**TASK DESCRIPTION:**
Make a verbatim copy of the entries below; pictures stay out.
▼
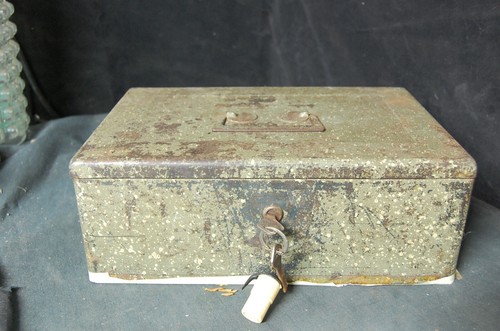 Coffre fort portable ancien - fort,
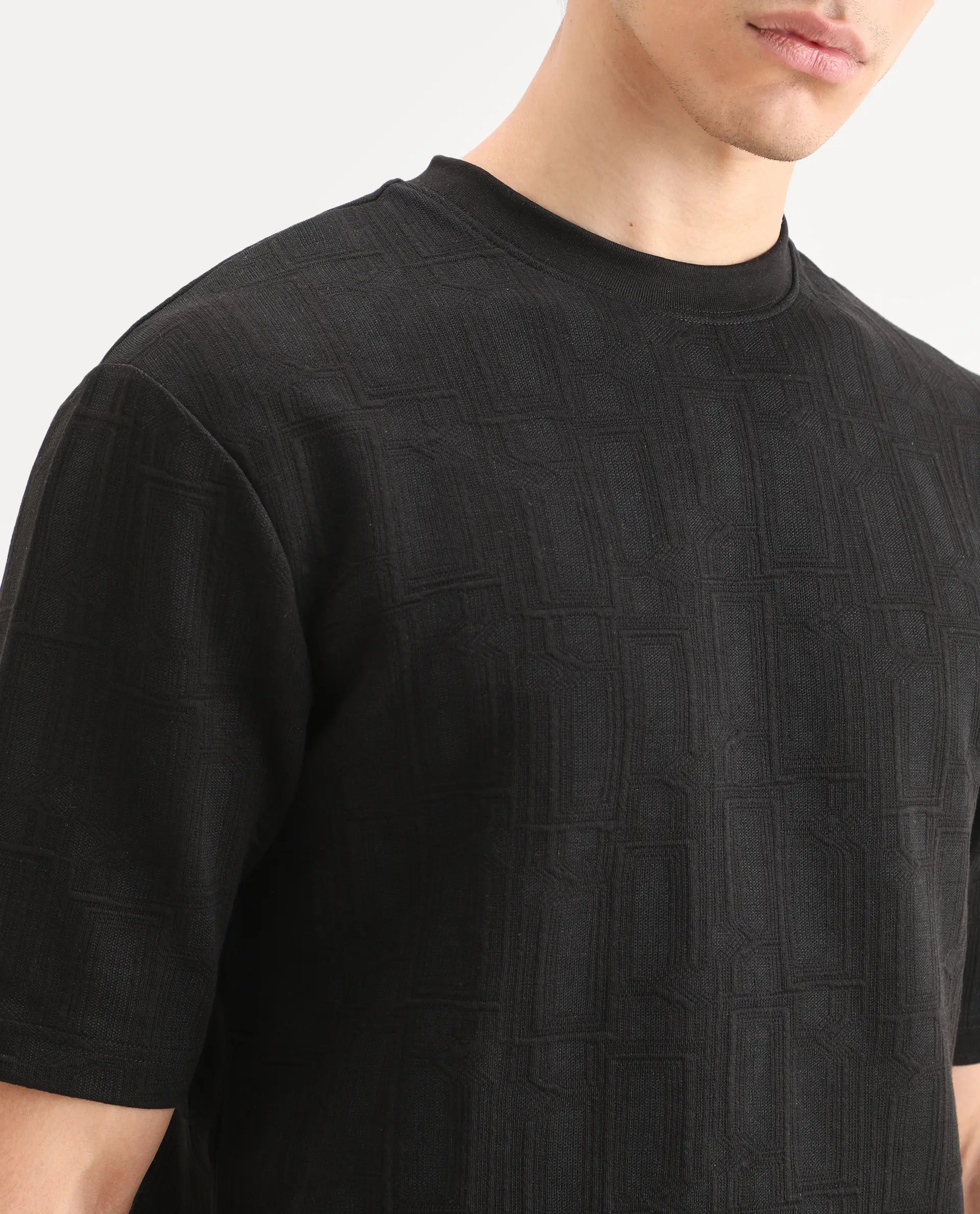 Rare Rabbit Men's Jas-1 Black Polyester Blend Fabric Half Sleeve Crew Neck Oversized Jacquard T-Shirt - Image 3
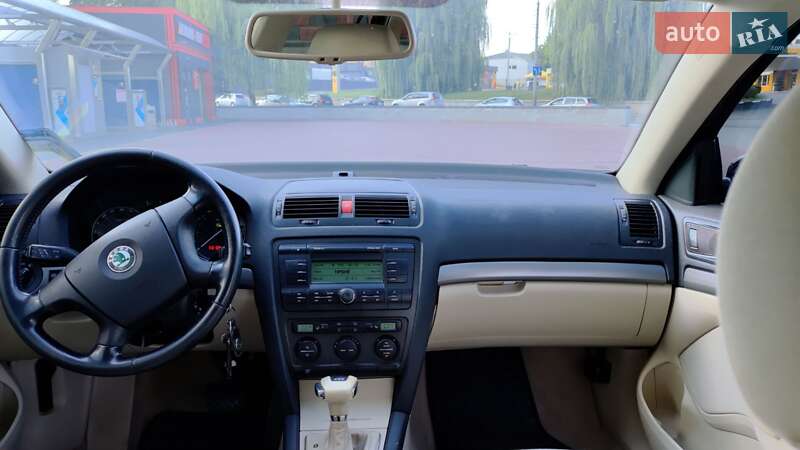 Универсал Skoda Octavia 2007 в Ровно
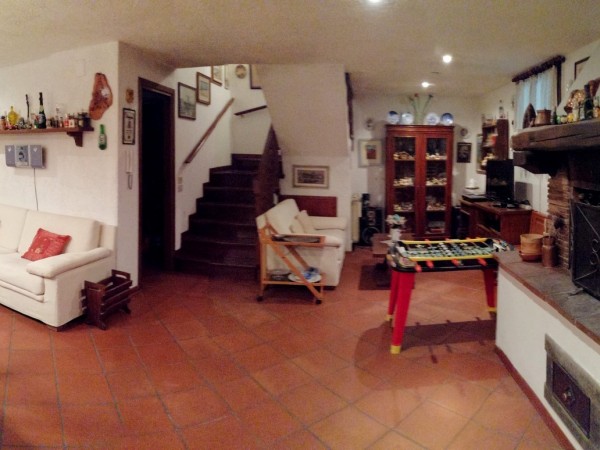 Riferimento 1T2.501 - Villa Bifamiliare in Vendita a Viareggio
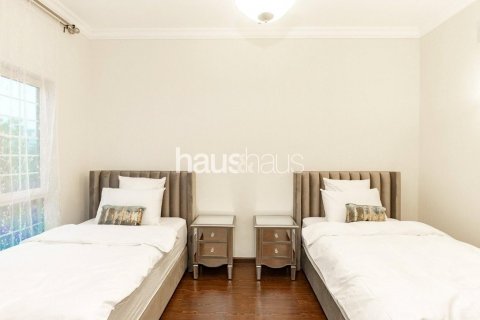 Villa in Jumeirah Islands, Dubai, UAE 4 bedrooms, 491 sq.m. № 626691 - photo 10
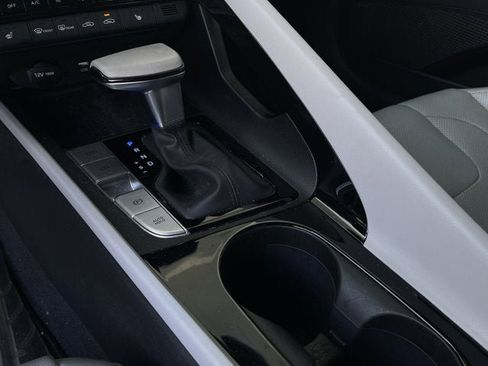 Used 2023 Hyundai Elantra Limited image 23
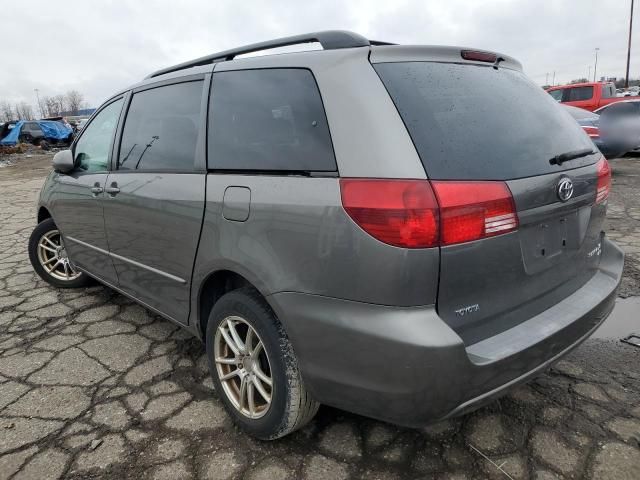 2005 Toyota Sienna XLE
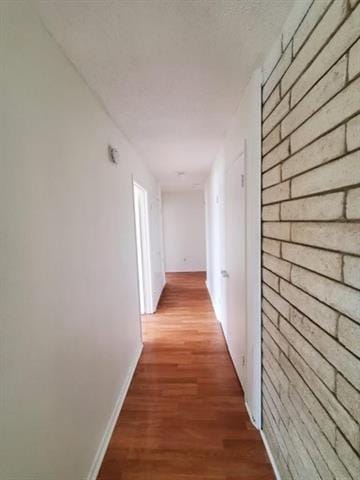Building Photo - 2210 Greenvalley Dr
▲
**PROBLEM SOLUTION:**
 Coffre fort portable ancien - fort,
 Rare Rabbit Men's Jas-1 Black Polyester Blend Fabric Half Sleeve Crew Neck Oversized Jacquard T-Shirt - Image 3
 Универсал Skoda Octavia 2007 в Ровно
 Riferimento 1T2.501 - Villa Bifamiliare in Vendita a Viareggio
 Villa in Jumeirah Islands, Dubai, UAE 4 bedrooms, 491 sq.m. № 626691 - photo 10
 Used 2023 Hyundai Elantra Limited image 23
 2005 Toyota Sienna XLE
Building Photo - 2210 Greenvalley Dr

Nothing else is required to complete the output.